### RAW DATA
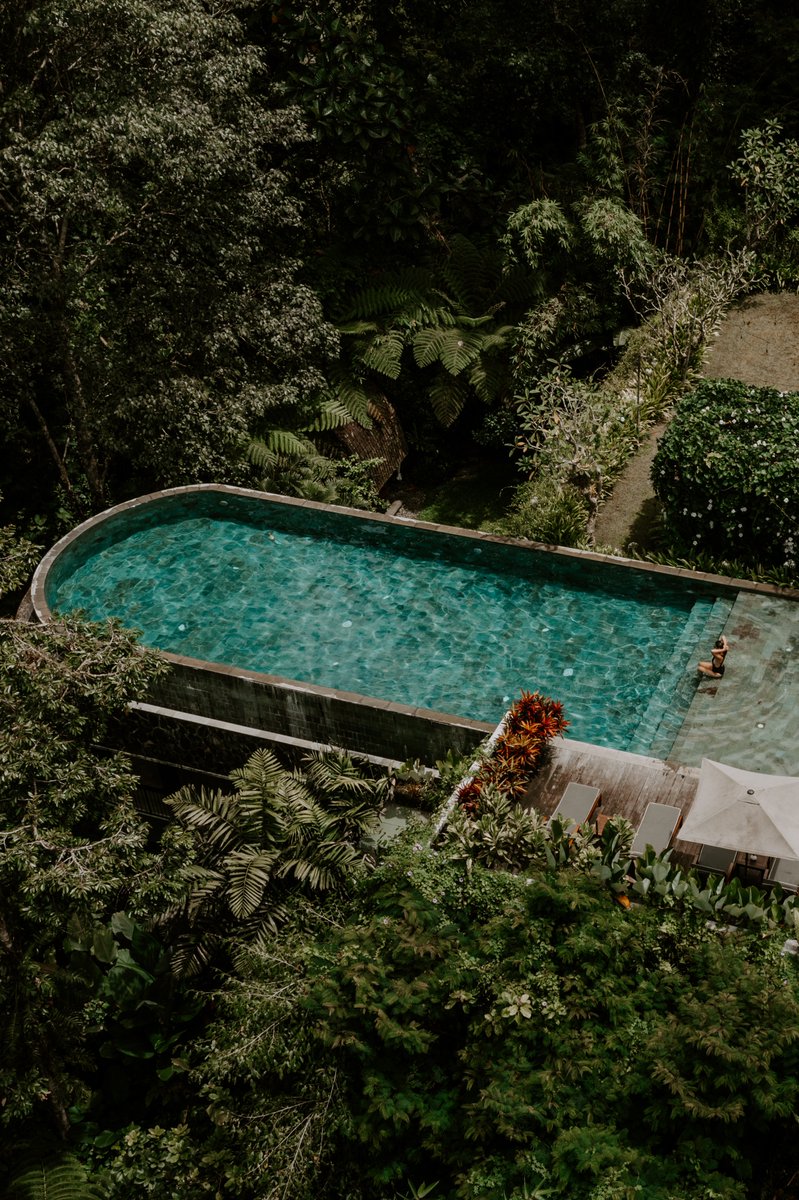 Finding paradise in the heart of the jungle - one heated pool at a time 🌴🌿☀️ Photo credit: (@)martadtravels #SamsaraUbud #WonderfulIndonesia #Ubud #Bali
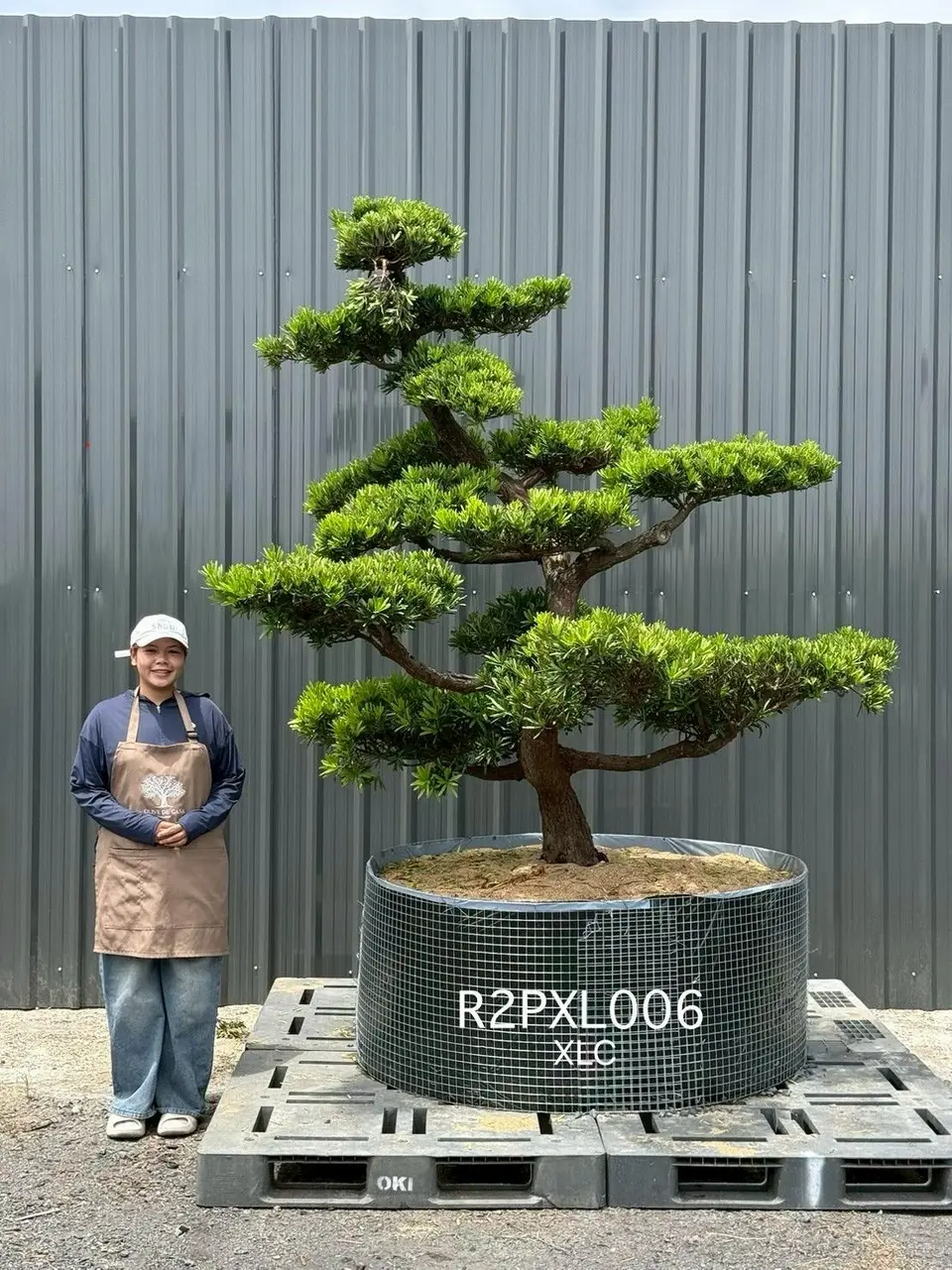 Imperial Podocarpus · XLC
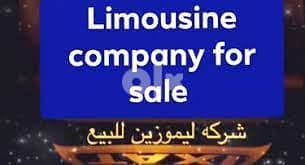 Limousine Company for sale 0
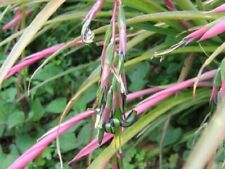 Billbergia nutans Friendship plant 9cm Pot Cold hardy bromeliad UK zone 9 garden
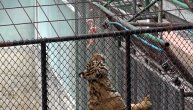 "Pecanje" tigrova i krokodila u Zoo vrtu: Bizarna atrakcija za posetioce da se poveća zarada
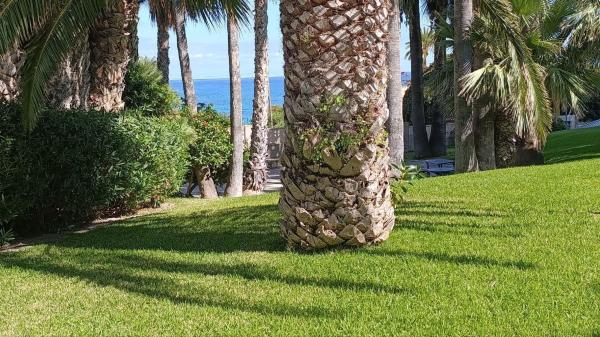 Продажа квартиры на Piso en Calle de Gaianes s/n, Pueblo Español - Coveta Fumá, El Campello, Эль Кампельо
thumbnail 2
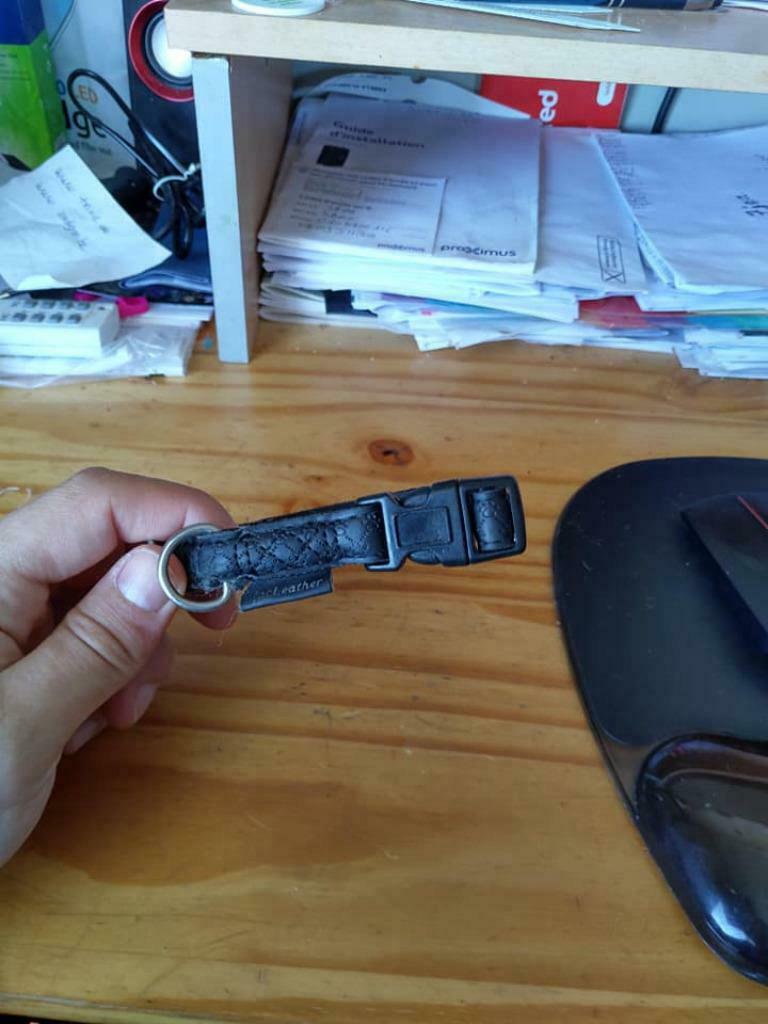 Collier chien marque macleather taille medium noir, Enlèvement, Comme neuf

### YOUR GOAL
The copy should hold exactly the lines from the one containing "se poveća zarada" through the final line of the records above, both ends included, and no picture.

### EXERCISE RESPONSE
 "Pecanje" tigrova i krokodila u Zoo vrtu: Bizarna atrakcija za posetioce da se poveća zarada
 Продажа квартиры на Piso en Calle de Gaianes s/n, Pueblo Español - Coveta Fumá, El Campello, Эль Кампельо
thumbnail 2
 Collier chien marque macleather taille medium noir, Enlèvement, Comme neuf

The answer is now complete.